His hands were large in proportion to his height, but the fingers were long and well-shaped, giving them an elegant, clean impression. The slightly prominent, sturdy-looking joints; the even thickness maintained to the tips; the dark blue veins that rose on the back of his hand—all of it seemed to hint, just faintly, at the aggression behind his elegance, the cool, drastic decisiveness that would risk any danger to achieve a goal once he judged it necessary.

But a hand is just a hand. Like a scent is just a scent. It implies nothing.

“I won’t beautify my intent or speak around it.”

He declared that in an easy, ordinary voice, then continued.

“Phantom represents about twenty artists, but to be frank, only three or four of them are what actually keep a gallery running and growing. If we want to hold even our current place against the big galleries, a small gallery like ours has to keep discovering fresh newcomers. Of course it matters that our existing artists keep producing good work, but you can’t guarantee output by sitting for a fixed number of hours... You never know when a slump will hit or their value will slip. It’s just as important to consistently present newcomers who can shock the public and spark conversation. A lot of people think of art as lofty... and each artist can work with that stance, apart from money or fame, according to their convictions—and we try to give them the environment they want—but we, dealers, aren’t artists. You can’t pay staff salaries with the feeling that you’ve become an artist.”

He lifted one eye slightly toward me, as if asking for agreement, but he didn’t leave space to agree or disagree.

“Who becomes a well-reviewed artist, who becomes a bestselling artist—unfortunately, that isn’t decided purely by the value of the work. The value of a work, to a large extent, depends on subjective interpretation; a universally accepted ‘objective’ evaluation is even harder. To be more blunt, even the value of a work can be created through marketing and business—that’s the power of the big galleries and mega-dealers who drive today’s global art market. The current art market isn’t all that different in nature from the show-business circuit.”

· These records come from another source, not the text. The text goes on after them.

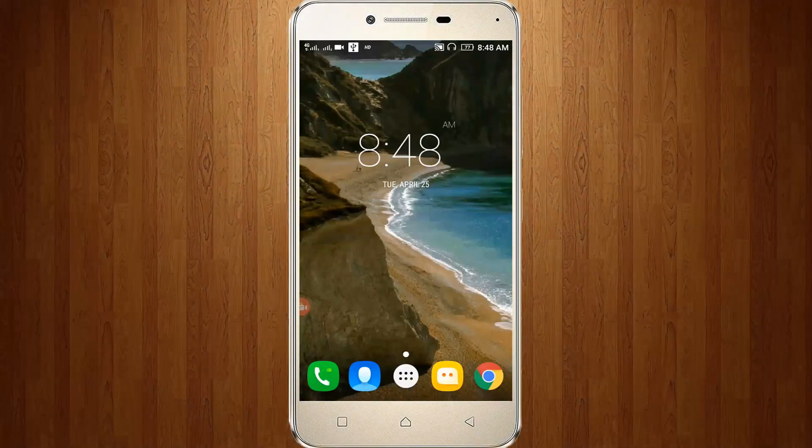Welcome friends! This is our channel THETABUX and this video is about how to take 360 degree photos on your Android mobile.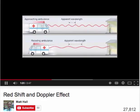As the ambulance moves past you, you would hear the sound exactly as it's produced. As the ambulance moves away from you, the sound waves from behind the ambulance are stretched out, giving a low frequency sound, or low pitch.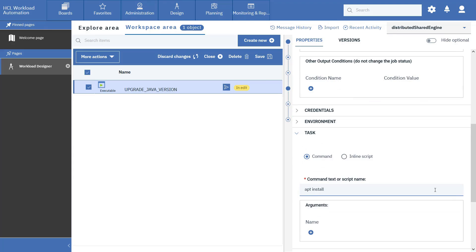In the task section, type the command the job is to run to upgrade Java to version 11. And save the job definition.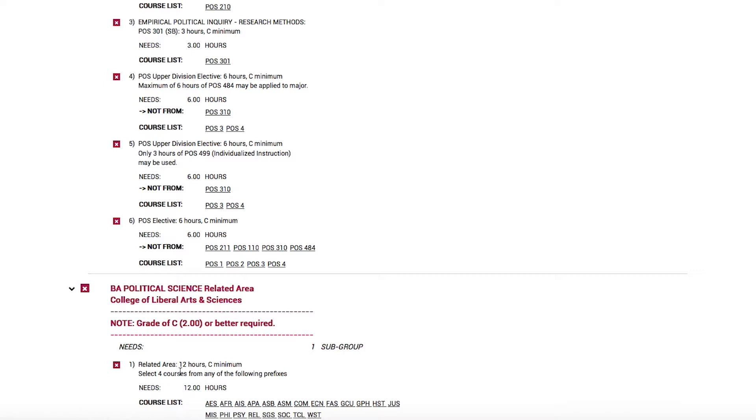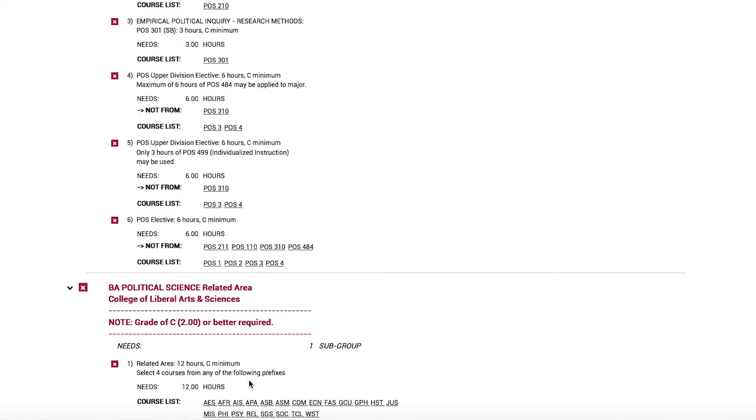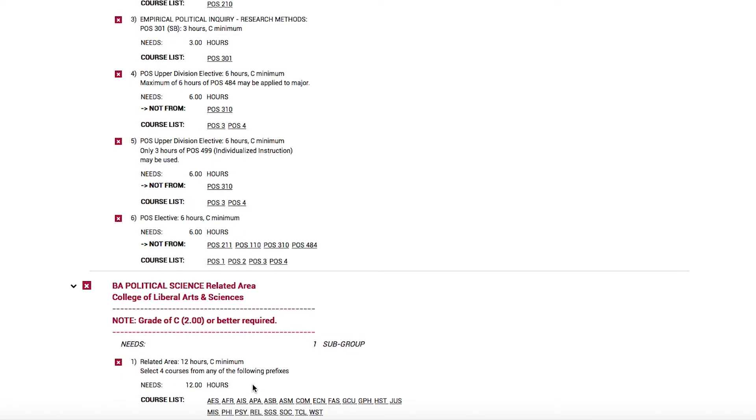In order to earn credit in this area, you must have a C minimum grade to satisfy the related area. You should notice some of your current courses already satisfy this area. If you still have more courses to take in the related area, please consider registering for one or two more of these prefixes.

He wasn’t speaking particularly fast, but it was hard to keep up with the speed and direction of his thoughts. I still stood at the starting line without having confirmed our destination, and he was already ahead of me, pulling me along.

“It’s true Phantom’s finances have grown sturdier in the last year or two, but... that’s thanks to the performance of marquee artists like Shushu. We haven’t discovered any newcomer who’s expected to follow them or surpass them. That’s a big problem. From university grad shows to tiny café galleries in the provinces, even SNS... Chief Han and I have been combing through like madmen, but... meeting an interesting artist has not been easy.”

Tok tok. He tapped forefinger to forefinger like a comma, paused, and looked at me with a gaze that pressed me back against the wall.

“Long story short, I expect you to be that artist, Seo Ihyeon.”

I hadn’t asked a single question, but he held my face with dogged attention, as if waiting for an answer. Or maybe he was simply reading my reaction. In any case, it was all far too sudden.

I had painted long ago, and there was a time when painting was my language—but even then I’d never considered or imagined what place my work might occupy in the “art market” he was describing now.

Apparently satisfied he’d observed me enough, he let the triangle of his fingers fall apart and leaned back against the chair.

“Now the chief will say the same thing in a way you’ll like better.”

My teacher sighed and shook his head at him; he lifted his shoulders as if he didn’t see the problem—or as if this was the best he could do within his role.

There was no malice in his words. It was a difference in position, that was all. He’d explained from the standpoint of the gallery’s owner and of a dealer who had to sell pictures; that wasn’t immoral or a crime. Realistically, if he failed to sell pictures, some artist might no longer be able to paint at all.